Die war bezaubernd! Die Ouvertüre von Fanny Hensel kannte ich nicht, ein wunderbarer Einstieg in das Konzert, ein Stück voller Einfälle und überraschender Wendungen, wunderbar instrumentiert obendrein, das den Vergleich mit dem ungleich berühmteren Bruder wirklich nicht zu scheuen braucht. Verena Naegele schreibt im Programmheft etwas ungelenk aber treffend: „Als Zuhörende bleibt Staunen und Trauer zugleich zurück: Hier die Prägnanz dieser Musik, zu der Fanny dank ihrer Studien bei Zelter fähig war, da die Gewissheit, was sie bei weiterer Förderung noch ähtte komponieren können.“. Das Konzert angesichts der zehn Minuten von Fanny aber mit „Geschwisterliebe“ zu überschreiben, war natürlich ein Marketing-Stunt – das können die Basler, mir gefällt da auch die Programmgestaltung, die Kombination von Werken, von Dirigenten, Solist*innen. Ich sehe ihnen sowas also gerne nach, aber etwas billig finde ich es dennoch.

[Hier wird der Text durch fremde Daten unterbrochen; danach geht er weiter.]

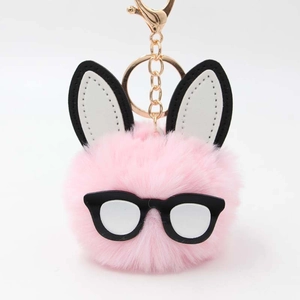 Cute pink plush bunny ball keychain with black glasses and gold ring for handbag decor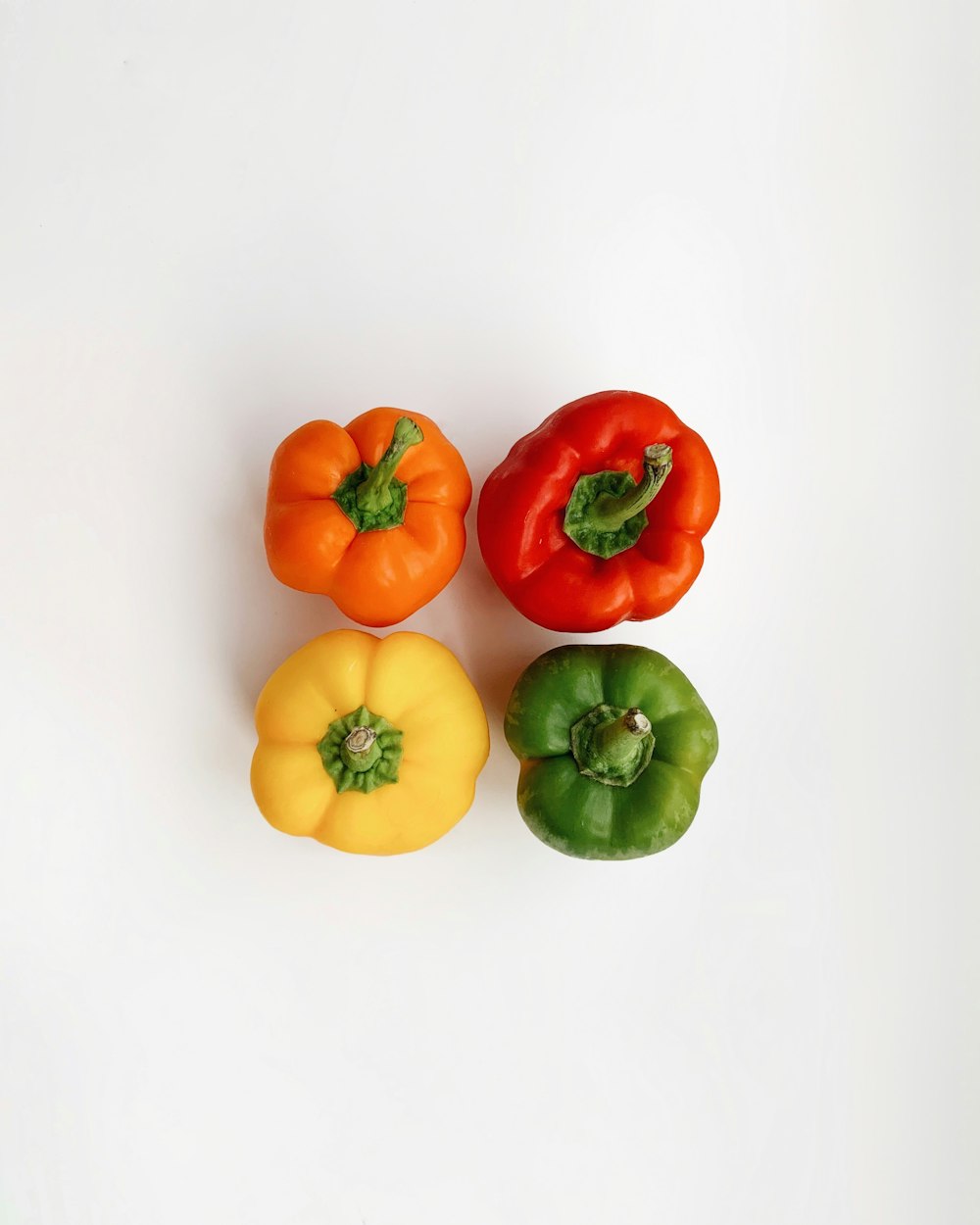 four assorted-colored bell peppers
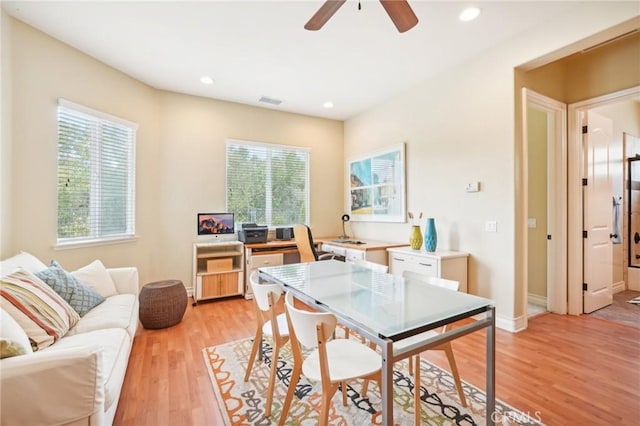 dining area with light hardwood / wood-style floors and ceiling fan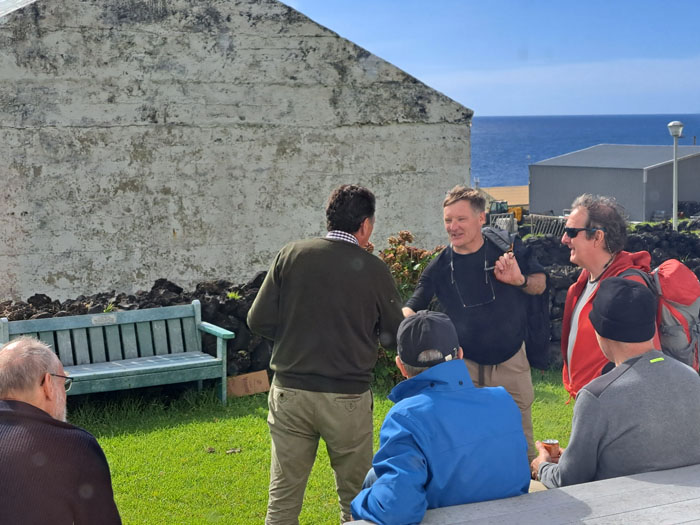 Acting Administrator, Michael Bertam greeting crew members in the Post Office & Tourism garden.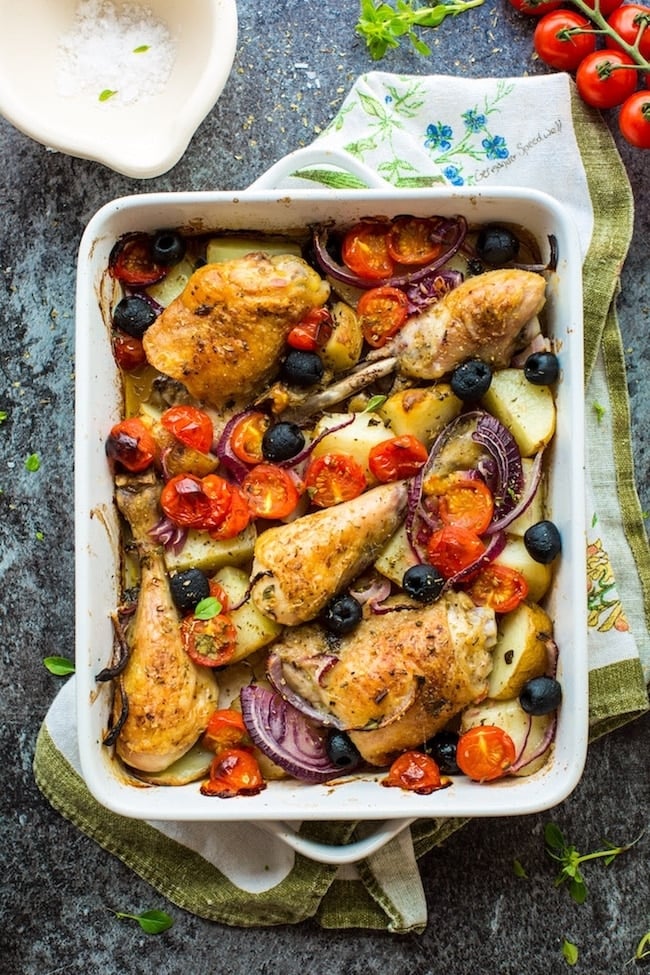 Greek chicken and roasted vegetables in a white baking dish on top of a dish towel.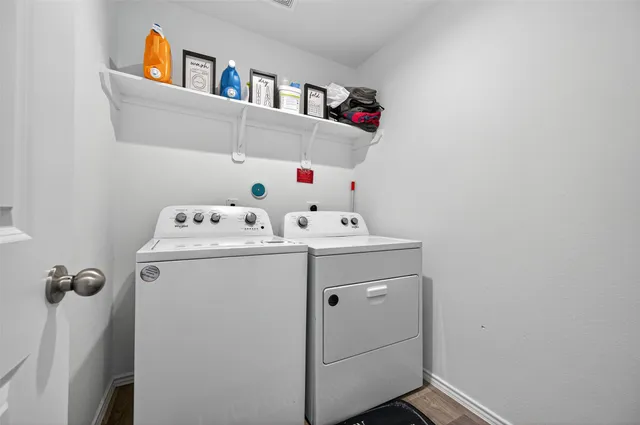 a bedroom with a bed wooden floor and window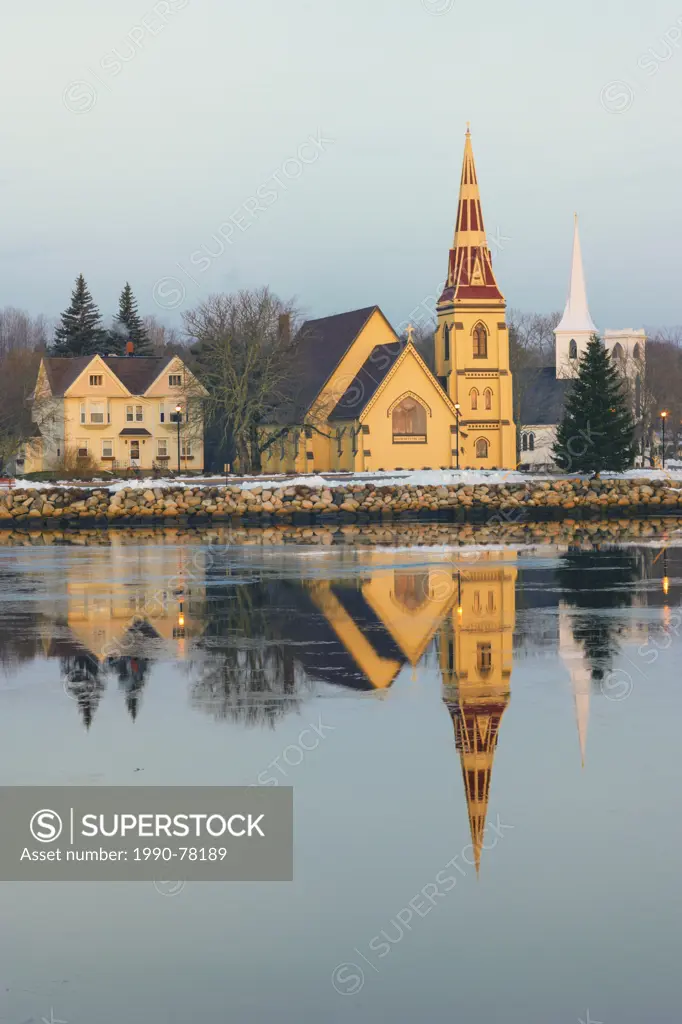Anglican Church reflected in waterfront, Mahone Bay, Nova Scotia, Canada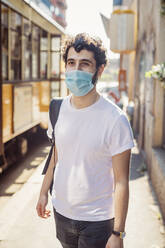 Young man wearing mask walking on city street during sunny day - MEUF00922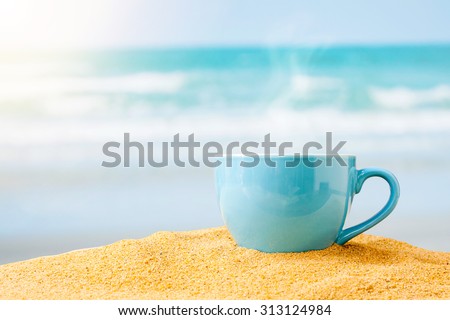 blue cup of coffee on white sand beach over blue sky and sea on day noon light background.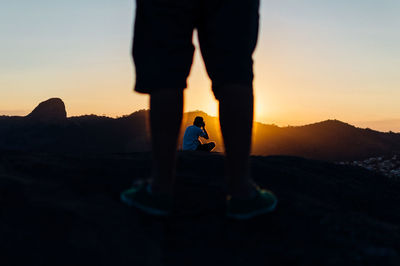 Low section of woman standing on rock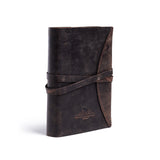 The Indigo Journal Leather by Vintage Leather is a dark brown, vintage-style buffalo leather journal with a wraparound strap closure, subtle embossed logo, upright on a white background, and offers personalisation options.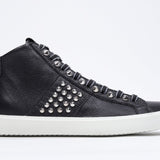 Side profile of mid top black sneaker. Full leather upper with studs, an internal zip and white rubber sole.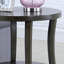 Table basse ovale avec plateau en bois manufacturé et tablette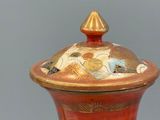 a red vase with a gold lid sitting on a table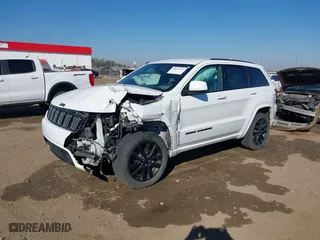 2018 Jeep Grand Cherokee Laredo E with VIN 1C4RJFAGXJC435658, listed as a IAAI auction lot 40659459 with 97,827 mi miles. Bid and sale history available at carsss.com. Image 17.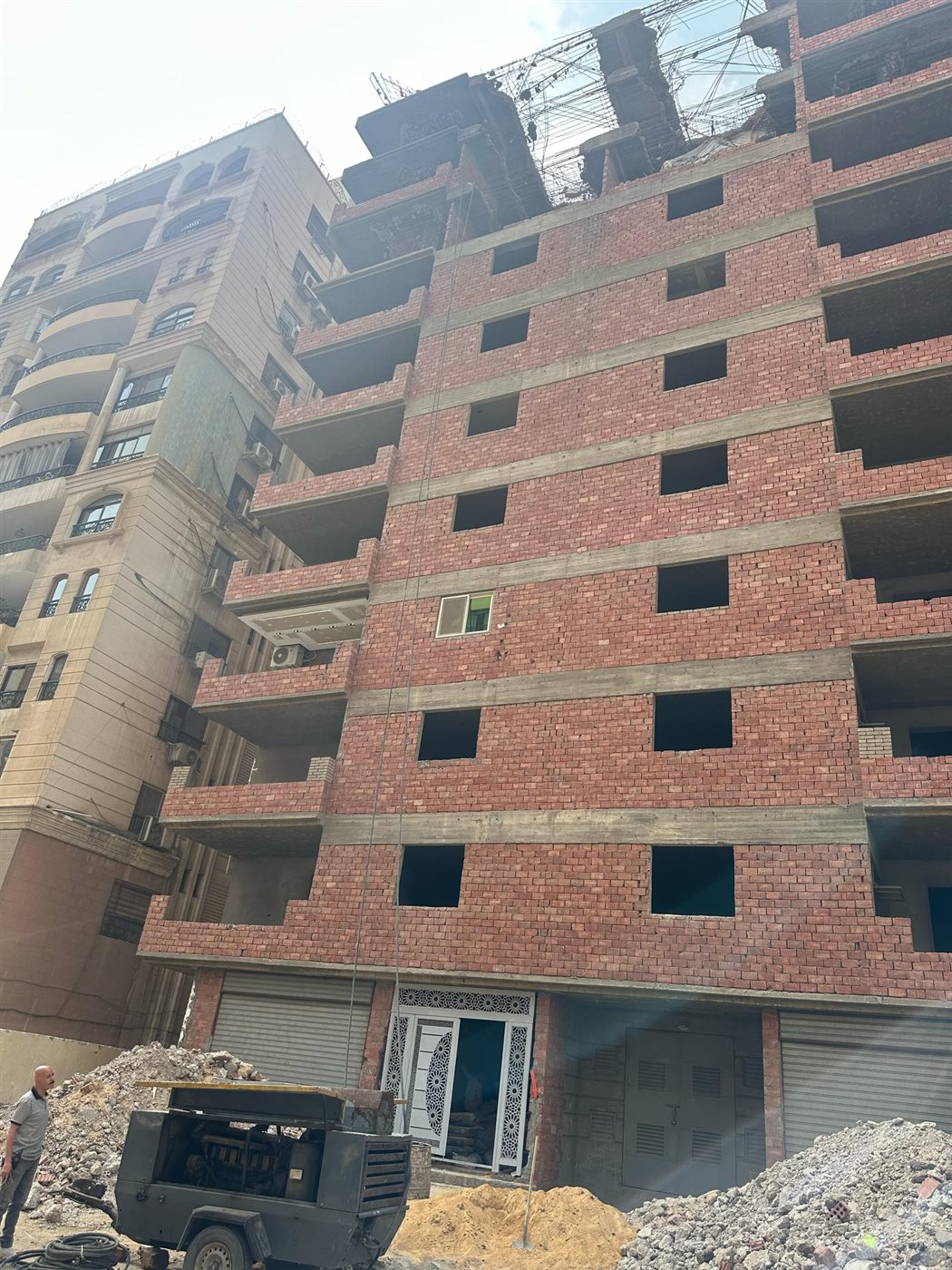 رئيس حي شرق مدينة نصر: إزالة 4 أدوار مخالفة بأحد عقارات شارع محمد كامل الحاروني| صور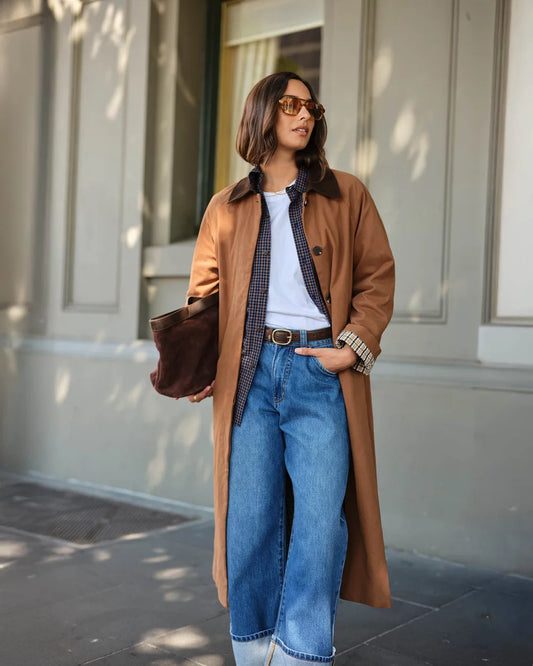 A woman stands on a city sidewalk wearing a long tan coat over a white top, blue plaid shirt, and blue jeans, holding a brown bag. The background shows a neutral-toned building facade with soft shadows.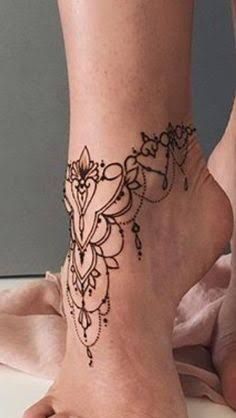 a woman's foot with a henna tattoo on the side of her leg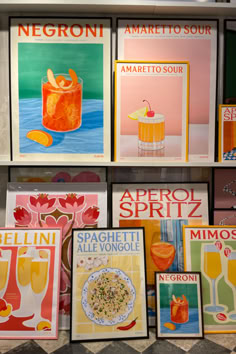 several posters are on display in a store window with oranges and lemonade drinks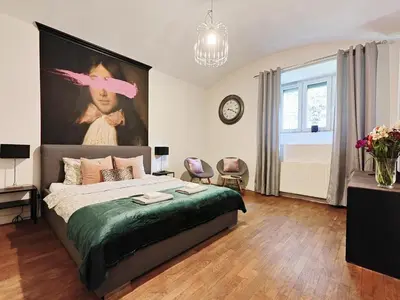 a bedroom with a bed with a large painting on the wall at A&K Apartment in Kraków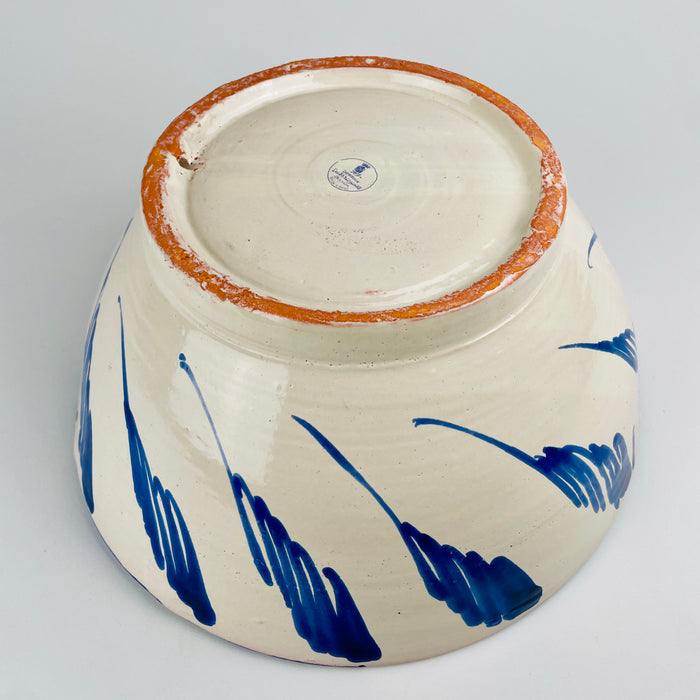 Blue and white Spanish Fajalauza bowl by Cerámica Los Arrayanes, with an open flared profile and a richly decorated interior of floral, looping and scalloped motifs. The cobalt brushwork continues across the outer wall in broad gestural marks, creating a large handmade Granada pottery centerpiece suited to serving, tabletop display or wall decor.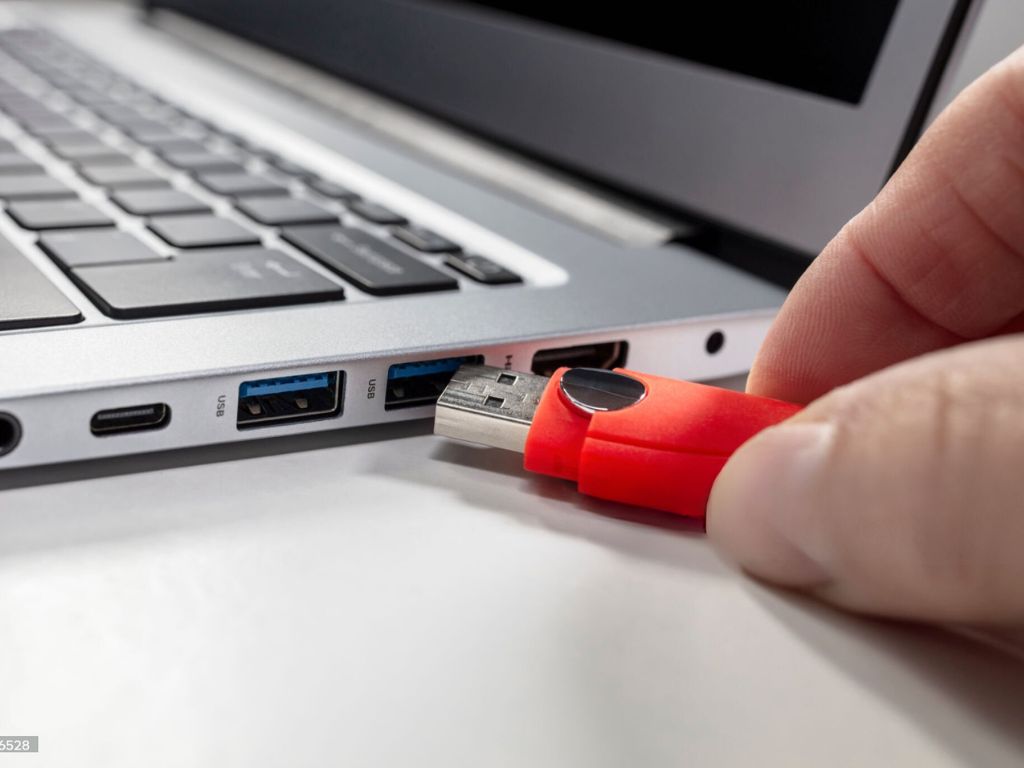 Image représentant une clé USB insérée dans le port USB d'un ordinateur portable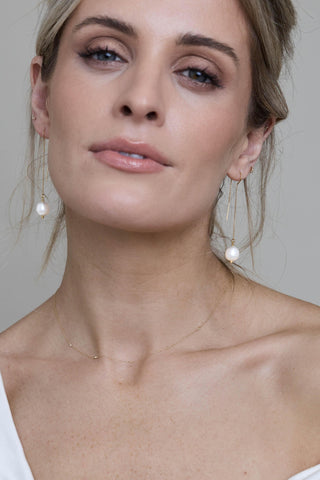 Camille earrings styled as part of the Louise Cooney bridal collection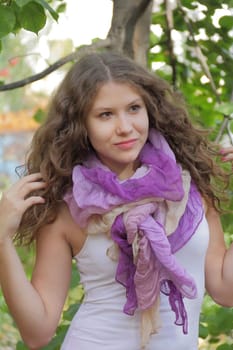 Portrait of woman with violet scarf in summer time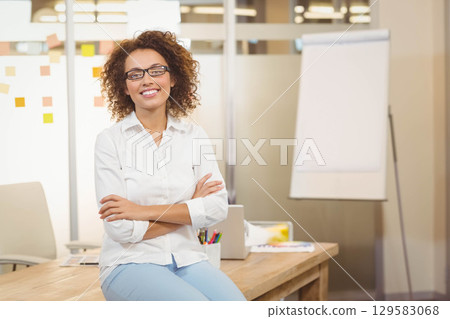 African American woman sitting on wooden desk in modern office reviewing sticky notes with laptop African American woman sitting on wooden desk in modern office reviewing sticky notes with laptop 129583068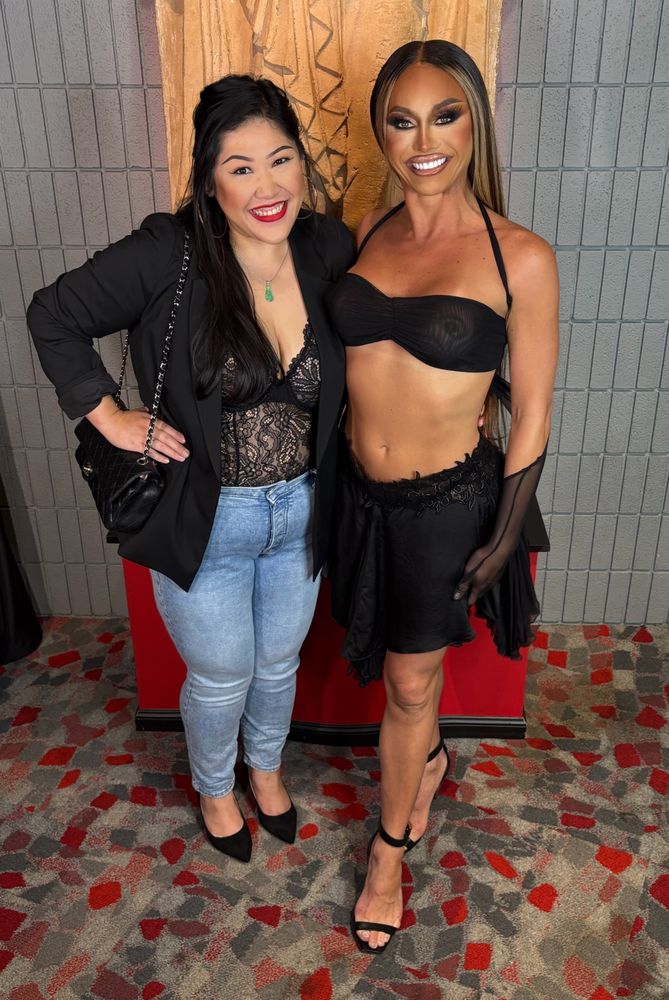 Photo of two stunning women wearing black but let’s acknowledge the sickening season 15 winner of RuPaul’s Drag Race and forever mother, Sasha Colby and y’all better not come for my muffin top because I enjoyed my banh mi earlier and have no regrets lol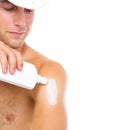 Closeup on man applying sun screen creme on arm Royalty Free Stock Photo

Die beiden folgenden gewichtigeren Werke von Felix Mendelssohn waren dann ebenfalls hervorragend. Herreweghe hatte im Gespräch zur Konzerteinführung unter anderem von seiner Zeit in Paris berichtet, als er viel Musik des französischen Barock dirigierte. Der Meister darin, so sagte er freimütig, sei William Christie. Ihm gefalle dieses Repertoire nicht so sehr, er mache es auch seit dem Weggang aus Paris nicht mehr – aber er hätte dennoch sehr viel gelernt, was ihm zum Beispiel bei Bruckner geholfen habe: die Bedeutung der Präzision, der Phrasierung nämlich. Beim französischen Repertoire müsse sich die Musik unglaublich präzise an die Partitur halten, damit sich alles gut zu den ebenso präzise durchzuführenden (einst) zugehörigen Tänze füge. Zu Bruckner schob er dann etwas kokett nach: er habe ja vieles gelernt – aber nie dirigieren. Dass er überhaupt Bruckner machen dürfe – man ihn das machen lasse – sei schon irre.

Dieses tänzerische Element, ein Spiel von grosser Beweglichkeit und zugleich von höchster Präzision, führte zu einem für meine Ohren höchst lebendigen Mendelssohn, „bubby“ kam mir das vor, auch das Spiel von Nelson Goerner im Klavierkonzert: virtuos, tänzelnd, lebendig, immer bereit für einen Hüpfer, eine rasche Drehung – etwas nervös wirkte das, manchmal etwas Detailverliebt vielleicht, aber der Blick fürs Ganze ging darob nie vergessen. Ähnlich nach der Pause in der Schottischen – eine wunderbare Aufführung dieser Symphonie, die ich schon lange ins Herz geschlossen habe (zusammen mit der Italienischen, mit den drei anderen tue ich mich noch schwer). Das war ein wunderbares Konzert – und ich hoffe sehr, dass ich die Fortsetzung (eine Symphonie mit Herreweghe pro Saison, inklusive anschliessender Aufnahmen – ich hoffe, die Klavierkonzerte und weitere Konzertprogramm-Beigan kommen auch mit auf die CDs!) mitkriegen werde und vielleicht allmählich auch Zugang zu den drei anderen Symphonien finde. (Die Nr. 5 hörte ich in dem für meine Ohren leider nicht geglückten Mendelssohn-Programm des Freiburger Barockorchester mit Isabelle Faust unter Pablo Heras-Casado).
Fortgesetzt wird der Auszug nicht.